Using the data beneath this instruction, retype only the lines from the one that contains "hakaijuu chapter 52.1 26" down to the one that contains "ブルガリ モンジャスミンノワール EDP 25mlのサムネイル", both included, exactly as they appear.

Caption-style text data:
#####
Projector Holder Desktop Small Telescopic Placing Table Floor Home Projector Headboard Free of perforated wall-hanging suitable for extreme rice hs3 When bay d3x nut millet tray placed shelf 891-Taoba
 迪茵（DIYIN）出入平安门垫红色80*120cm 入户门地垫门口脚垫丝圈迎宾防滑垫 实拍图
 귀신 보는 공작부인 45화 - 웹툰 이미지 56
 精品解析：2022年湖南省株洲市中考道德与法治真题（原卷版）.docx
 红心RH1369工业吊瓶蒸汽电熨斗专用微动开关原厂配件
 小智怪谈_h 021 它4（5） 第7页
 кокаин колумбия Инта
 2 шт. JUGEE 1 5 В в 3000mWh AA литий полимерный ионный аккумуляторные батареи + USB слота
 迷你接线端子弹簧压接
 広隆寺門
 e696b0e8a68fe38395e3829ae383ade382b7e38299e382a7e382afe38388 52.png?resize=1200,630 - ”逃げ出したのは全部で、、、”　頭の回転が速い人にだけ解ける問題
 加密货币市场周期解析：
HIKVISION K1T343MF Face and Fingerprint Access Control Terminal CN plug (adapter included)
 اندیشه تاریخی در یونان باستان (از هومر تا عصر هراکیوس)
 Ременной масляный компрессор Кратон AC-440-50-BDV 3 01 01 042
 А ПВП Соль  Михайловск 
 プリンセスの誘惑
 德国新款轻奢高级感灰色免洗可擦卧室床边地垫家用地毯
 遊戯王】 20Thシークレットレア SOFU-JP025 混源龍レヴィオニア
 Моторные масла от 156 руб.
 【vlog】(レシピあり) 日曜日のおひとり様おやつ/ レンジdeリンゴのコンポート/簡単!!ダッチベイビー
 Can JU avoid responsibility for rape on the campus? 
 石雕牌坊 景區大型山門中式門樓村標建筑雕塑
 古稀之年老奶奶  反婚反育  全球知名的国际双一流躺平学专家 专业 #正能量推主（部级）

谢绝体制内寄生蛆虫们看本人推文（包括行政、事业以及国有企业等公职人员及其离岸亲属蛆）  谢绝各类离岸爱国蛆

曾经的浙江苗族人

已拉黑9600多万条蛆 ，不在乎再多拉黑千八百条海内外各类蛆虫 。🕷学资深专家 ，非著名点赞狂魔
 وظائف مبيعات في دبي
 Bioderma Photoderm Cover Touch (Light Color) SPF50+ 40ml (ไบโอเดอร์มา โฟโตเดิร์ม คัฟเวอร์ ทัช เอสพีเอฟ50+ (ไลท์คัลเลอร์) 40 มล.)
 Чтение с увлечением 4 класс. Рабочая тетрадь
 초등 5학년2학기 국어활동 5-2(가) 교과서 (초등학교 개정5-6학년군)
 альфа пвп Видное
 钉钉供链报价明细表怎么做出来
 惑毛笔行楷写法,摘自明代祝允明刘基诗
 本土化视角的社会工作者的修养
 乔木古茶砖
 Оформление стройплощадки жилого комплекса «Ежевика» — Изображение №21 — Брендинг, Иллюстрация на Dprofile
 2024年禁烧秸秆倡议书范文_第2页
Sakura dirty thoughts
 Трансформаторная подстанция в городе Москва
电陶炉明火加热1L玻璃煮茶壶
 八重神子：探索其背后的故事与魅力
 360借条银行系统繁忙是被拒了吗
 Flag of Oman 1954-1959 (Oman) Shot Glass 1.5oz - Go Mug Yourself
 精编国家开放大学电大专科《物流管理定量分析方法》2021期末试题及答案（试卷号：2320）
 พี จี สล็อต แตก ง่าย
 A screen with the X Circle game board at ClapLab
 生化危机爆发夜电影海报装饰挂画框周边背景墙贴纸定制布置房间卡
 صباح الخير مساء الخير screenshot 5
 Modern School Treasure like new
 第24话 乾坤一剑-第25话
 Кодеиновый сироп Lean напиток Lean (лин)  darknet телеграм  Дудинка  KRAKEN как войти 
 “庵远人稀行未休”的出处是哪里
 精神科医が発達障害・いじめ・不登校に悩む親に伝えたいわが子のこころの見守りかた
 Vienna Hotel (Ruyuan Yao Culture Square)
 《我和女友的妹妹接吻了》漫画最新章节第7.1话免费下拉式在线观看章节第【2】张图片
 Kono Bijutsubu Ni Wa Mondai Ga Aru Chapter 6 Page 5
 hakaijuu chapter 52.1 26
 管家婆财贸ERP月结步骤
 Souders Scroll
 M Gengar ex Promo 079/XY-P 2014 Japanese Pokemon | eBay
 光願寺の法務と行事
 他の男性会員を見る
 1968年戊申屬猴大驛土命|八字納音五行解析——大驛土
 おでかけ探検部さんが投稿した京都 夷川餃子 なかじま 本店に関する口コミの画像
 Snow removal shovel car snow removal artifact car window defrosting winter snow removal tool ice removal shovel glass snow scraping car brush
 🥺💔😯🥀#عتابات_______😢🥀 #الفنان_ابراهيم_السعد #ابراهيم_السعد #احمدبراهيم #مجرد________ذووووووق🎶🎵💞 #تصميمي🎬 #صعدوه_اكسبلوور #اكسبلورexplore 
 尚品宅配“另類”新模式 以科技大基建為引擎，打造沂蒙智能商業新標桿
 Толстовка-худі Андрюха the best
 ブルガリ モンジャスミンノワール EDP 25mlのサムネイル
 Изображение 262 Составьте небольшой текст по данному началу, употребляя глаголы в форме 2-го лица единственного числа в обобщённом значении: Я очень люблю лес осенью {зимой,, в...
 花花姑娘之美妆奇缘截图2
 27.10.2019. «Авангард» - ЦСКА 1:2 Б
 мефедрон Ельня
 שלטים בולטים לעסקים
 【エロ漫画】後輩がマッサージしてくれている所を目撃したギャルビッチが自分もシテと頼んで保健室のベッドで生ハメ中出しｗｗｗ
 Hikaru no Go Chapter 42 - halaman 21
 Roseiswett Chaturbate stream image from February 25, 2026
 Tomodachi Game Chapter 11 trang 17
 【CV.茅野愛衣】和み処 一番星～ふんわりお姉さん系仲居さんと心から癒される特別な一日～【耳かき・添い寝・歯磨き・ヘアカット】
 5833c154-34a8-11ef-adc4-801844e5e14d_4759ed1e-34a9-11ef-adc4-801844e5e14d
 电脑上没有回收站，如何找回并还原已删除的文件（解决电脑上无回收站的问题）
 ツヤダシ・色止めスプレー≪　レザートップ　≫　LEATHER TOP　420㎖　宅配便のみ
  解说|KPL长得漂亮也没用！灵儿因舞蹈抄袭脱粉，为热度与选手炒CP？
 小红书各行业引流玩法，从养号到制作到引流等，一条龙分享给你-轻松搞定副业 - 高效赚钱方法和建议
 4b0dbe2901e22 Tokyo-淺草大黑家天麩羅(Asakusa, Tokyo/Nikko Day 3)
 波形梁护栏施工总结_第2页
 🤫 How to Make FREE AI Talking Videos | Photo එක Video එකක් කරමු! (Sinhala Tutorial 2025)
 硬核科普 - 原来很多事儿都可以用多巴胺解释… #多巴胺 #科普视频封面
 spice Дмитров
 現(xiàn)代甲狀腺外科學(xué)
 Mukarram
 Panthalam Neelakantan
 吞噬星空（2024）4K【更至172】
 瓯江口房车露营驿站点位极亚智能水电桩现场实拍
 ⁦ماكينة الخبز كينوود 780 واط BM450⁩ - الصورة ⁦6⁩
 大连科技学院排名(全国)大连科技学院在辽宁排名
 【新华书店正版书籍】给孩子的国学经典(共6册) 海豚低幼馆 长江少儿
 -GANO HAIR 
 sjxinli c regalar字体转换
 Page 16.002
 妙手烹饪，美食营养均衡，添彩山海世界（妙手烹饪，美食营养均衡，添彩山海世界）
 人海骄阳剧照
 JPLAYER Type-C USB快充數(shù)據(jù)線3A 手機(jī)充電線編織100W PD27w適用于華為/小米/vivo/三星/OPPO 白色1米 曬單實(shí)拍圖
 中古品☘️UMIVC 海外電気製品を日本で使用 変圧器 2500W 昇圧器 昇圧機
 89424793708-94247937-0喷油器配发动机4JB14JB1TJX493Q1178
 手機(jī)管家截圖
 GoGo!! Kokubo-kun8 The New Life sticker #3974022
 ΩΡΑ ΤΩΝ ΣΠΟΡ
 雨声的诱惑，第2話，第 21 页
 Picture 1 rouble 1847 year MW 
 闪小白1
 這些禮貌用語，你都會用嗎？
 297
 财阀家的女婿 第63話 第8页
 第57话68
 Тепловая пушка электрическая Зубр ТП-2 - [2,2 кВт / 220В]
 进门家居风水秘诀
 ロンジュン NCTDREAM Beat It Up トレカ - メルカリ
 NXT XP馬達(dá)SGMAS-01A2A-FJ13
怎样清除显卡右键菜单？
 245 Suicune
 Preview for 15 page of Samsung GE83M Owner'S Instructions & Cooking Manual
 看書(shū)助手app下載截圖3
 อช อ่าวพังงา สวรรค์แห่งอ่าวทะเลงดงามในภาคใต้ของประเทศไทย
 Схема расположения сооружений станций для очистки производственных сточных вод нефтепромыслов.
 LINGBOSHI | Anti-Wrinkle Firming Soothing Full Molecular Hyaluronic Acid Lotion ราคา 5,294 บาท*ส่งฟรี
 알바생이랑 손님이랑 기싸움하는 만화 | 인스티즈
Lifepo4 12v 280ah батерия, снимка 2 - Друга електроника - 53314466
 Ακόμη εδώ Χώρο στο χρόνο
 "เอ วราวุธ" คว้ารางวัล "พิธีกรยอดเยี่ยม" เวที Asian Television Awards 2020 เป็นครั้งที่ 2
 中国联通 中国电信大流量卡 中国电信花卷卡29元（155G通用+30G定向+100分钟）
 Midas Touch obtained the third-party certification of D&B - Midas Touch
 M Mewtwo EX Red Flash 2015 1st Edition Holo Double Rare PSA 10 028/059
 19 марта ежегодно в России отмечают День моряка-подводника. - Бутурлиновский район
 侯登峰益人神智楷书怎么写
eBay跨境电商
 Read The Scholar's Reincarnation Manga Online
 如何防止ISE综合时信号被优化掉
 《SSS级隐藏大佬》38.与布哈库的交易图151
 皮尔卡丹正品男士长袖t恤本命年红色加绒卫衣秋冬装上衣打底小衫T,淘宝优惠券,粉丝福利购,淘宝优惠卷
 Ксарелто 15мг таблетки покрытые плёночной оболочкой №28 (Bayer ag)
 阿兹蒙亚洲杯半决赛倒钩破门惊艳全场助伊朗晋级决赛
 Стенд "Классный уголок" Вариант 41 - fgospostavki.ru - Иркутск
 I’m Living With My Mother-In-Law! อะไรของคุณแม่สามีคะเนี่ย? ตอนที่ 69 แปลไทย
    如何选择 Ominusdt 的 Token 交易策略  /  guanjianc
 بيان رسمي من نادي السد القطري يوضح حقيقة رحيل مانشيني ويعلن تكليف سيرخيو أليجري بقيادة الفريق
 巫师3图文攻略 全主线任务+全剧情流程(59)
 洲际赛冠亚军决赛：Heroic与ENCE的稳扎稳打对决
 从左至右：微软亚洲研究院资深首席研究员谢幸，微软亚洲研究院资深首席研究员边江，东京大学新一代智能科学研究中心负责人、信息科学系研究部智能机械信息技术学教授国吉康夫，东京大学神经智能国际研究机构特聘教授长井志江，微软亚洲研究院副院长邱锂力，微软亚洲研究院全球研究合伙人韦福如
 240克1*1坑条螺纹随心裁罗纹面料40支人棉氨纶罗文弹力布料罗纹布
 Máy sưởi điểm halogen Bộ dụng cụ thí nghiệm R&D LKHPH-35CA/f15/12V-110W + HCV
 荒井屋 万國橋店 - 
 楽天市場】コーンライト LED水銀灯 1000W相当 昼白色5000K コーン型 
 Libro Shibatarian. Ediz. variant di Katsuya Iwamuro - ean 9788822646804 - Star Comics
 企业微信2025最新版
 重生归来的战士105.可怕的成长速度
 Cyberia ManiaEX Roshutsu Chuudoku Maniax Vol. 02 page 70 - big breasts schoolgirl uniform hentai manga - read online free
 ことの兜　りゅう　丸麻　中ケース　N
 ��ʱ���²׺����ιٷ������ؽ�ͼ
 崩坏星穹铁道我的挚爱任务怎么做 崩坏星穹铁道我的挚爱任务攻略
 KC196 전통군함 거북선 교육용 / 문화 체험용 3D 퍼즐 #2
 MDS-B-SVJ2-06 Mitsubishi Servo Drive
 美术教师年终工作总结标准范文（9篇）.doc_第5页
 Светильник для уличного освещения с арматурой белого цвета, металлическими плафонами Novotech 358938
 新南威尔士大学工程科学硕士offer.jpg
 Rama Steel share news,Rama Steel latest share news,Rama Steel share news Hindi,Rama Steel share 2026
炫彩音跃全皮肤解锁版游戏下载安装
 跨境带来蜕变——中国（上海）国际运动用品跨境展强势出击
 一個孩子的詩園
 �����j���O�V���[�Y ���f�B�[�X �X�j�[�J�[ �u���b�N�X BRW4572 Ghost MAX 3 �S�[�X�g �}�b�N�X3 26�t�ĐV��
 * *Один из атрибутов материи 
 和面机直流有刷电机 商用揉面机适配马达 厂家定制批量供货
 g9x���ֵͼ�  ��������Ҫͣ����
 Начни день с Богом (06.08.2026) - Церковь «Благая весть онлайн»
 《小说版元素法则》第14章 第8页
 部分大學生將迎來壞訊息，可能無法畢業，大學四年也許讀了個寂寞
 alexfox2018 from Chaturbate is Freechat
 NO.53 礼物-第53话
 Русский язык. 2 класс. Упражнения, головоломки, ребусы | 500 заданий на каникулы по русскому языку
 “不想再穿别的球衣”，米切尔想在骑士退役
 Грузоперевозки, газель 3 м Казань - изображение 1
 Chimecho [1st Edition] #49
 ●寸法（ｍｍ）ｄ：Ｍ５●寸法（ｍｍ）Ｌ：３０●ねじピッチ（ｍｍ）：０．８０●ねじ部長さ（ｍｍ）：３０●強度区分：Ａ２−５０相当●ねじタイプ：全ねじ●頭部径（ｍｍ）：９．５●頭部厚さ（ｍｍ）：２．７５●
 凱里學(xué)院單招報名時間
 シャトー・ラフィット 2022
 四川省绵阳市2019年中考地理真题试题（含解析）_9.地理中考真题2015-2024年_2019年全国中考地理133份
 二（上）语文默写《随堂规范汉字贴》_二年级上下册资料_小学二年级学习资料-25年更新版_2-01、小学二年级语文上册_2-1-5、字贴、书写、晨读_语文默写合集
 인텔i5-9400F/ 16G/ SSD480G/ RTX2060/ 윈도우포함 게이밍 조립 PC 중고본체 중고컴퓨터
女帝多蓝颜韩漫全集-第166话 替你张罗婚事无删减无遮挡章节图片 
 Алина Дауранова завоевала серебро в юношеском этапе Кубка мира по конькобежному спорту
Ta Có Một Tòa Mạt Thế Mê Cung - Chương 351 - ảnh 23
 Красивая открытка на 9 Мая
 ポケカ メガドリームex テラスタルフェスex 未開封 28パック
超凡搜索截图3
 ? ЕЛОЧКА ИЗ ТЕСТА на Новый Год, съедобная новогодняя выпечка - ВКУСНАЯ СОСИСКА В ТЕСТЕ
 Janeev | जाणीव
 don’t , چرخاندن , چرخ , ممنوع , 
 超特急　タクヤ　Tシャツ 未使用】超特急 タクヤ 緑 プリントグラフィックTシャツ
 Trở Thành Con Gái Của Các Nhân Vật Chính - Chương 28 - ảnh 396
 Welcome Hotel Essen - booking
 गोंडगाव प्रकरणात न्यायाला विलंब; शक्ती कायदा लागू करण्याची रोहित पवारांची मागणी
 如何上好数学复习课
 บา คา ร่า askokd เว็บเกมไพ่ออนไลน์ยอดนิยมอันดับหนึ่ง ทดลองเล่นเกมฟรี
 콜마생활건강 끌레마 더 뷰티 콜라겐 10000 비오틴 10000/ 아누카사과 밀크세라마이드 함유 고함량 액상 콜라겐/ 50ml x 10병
#####
• Response for this exercise:
 hakaijuu chapter 52.1 26
 管家婆财贸ERP月结步骤
 Souders Scroll
 M Gengar ex Promo 079/XY-P 2014 Japanese Pokemon | eBay
 光願寺の法務と行事
 他の男性会員を見る
 1968年戊申屬猴大驛土命|八字納音五行解析——大驛土
 おでかけ探検部さんが投稿した京都 夷川餃子 なかじま 本店に関する口コミの画像
 Snow removal shovel car snow removal artifact car window defrosting winter snow removal tool ice removal shovel glass snow scraping car brush
 🥺💔😯🥀#عتابات_______😢🥀 #الفنان_ابراهيم_السعد #ابراهيم_السعد #احمدبراهيم #مجرد________ذووووووق🎶🎵💞 #تصميمي🎬 #صعدوه_اكسبلوور #اكسبلورexplore 
 尚品宅配“另類”新模式 以科技大基建為引擎，打造沂蒙智能商業新標桿
 Толстовка-худі Андрюха the best
 ブルガリ モンジャスミンノワール EDP 25mlのサムネイル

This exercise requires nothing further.